If the "fish are in the barrel" they deserve to be shot 

Problem with Gardai in pub carparks is, if you see them there your going to walk past your car instead of getting into it and driving straight into a checkpoint.


----------



## redbhoy (1 Jun 2010)

YOBR said:


> +1 Garda just doing his job,


 

????? Is it a Garda's duty to collect revenue for the state? 

Gardaí Síochána- Guardians of the Peace!! hmmmmm

Is there a breach of the peace if tax goes unpaid?


----------



## Sunny (1 Jun 2010)

RonanC said:


> Problem with Gardai in pub carparks is, if you see them there your going to walk past your car instead of getting into it and driving straight into a checkpoint.


 
Is that not a good thing? Unless you mean they will go back for the car


----------



## Sunny (1 Jun 2010)

redbhoy said:


> ????? Is it a Garda's duty to collect revenue for the state?
> 
> Gardaí Síochána- Guardians of the Peace!! hmmmmm
> 
> Is there a breach of the peace if tax goes unpaid?


 
No, but there is a law broken.

Since when have they been known as the Guardians of Peace?


----------



## Crugers (1 Jun 2010)

Sunny said:


> No, but there is a law broken.
> 
> Since when have they been known as the Guardians of Peace?


Eh since they translated 'Guardians of Peace' into Irish.....


----------



## Sunny (1 Jun 2010)

Crugers said:


> Eh since they translated 'Guardians of Peace' into Irish.....


 
Oh right. Never studied Irish. Learn something new every day


----------



## Purple (1 Jun 2010)

Yea but they are the police and they are there to uphold the law. Not taxing your car is illegal.


----------



## bb12 (1 Jun 2010)

such a valuable use of resources when some little old lady is probably up the street being mugged by a druggie...


----------



## RonanC (1 Jun 2010)

bb12 said:


> such a valuable use of resources when some little old lady is probably up the street being mugged by a druggie...


 
Ah would ya give that one a rest please.
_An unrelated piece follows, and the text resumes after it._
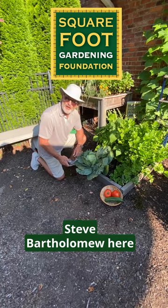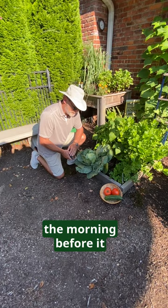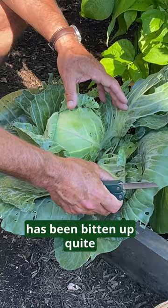Steve Bartholomew here in Zone 7B. We're harvesting early in the morning before it gets too hot today. Our cabbage that we've been working with all year has been bitten up quite a bit by cabbage worm, but we have a nice head here that we're going to harvest this morning.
If someone wants to drive a car on a public road without tax, the Gardai are doing their job in cracking down on this.


----------



## lightswitch (1 Jun 2010)

Personally I think car tax should be abolished!  

After watching Prime Time last night and the fact that the Guards wouldn't put someone forward to contribute regarding trackling child "grooming" on the internet, I also think it is a waste of police time.


----------



## RonanC (1 Jun 2010)

lightswitch said:


> Personally I think car tax should be abolished!
> 
> After watching Prime Time last night and the fact that the Guards wouldn't put someone forward to contribute regarding trackling child "grooming" on the internet, I also think it is a waste of police time.


 
The Gardaí didnt put someone forward because this is a matter for the Minister for Justice to comment on and not for the Gardaí.


----------



## lightswitch (1 Jun 2010)

Well it was stated on Prime Time that the Gardai were asked to contribute but declined to do so.  No mention was made regarding the minister!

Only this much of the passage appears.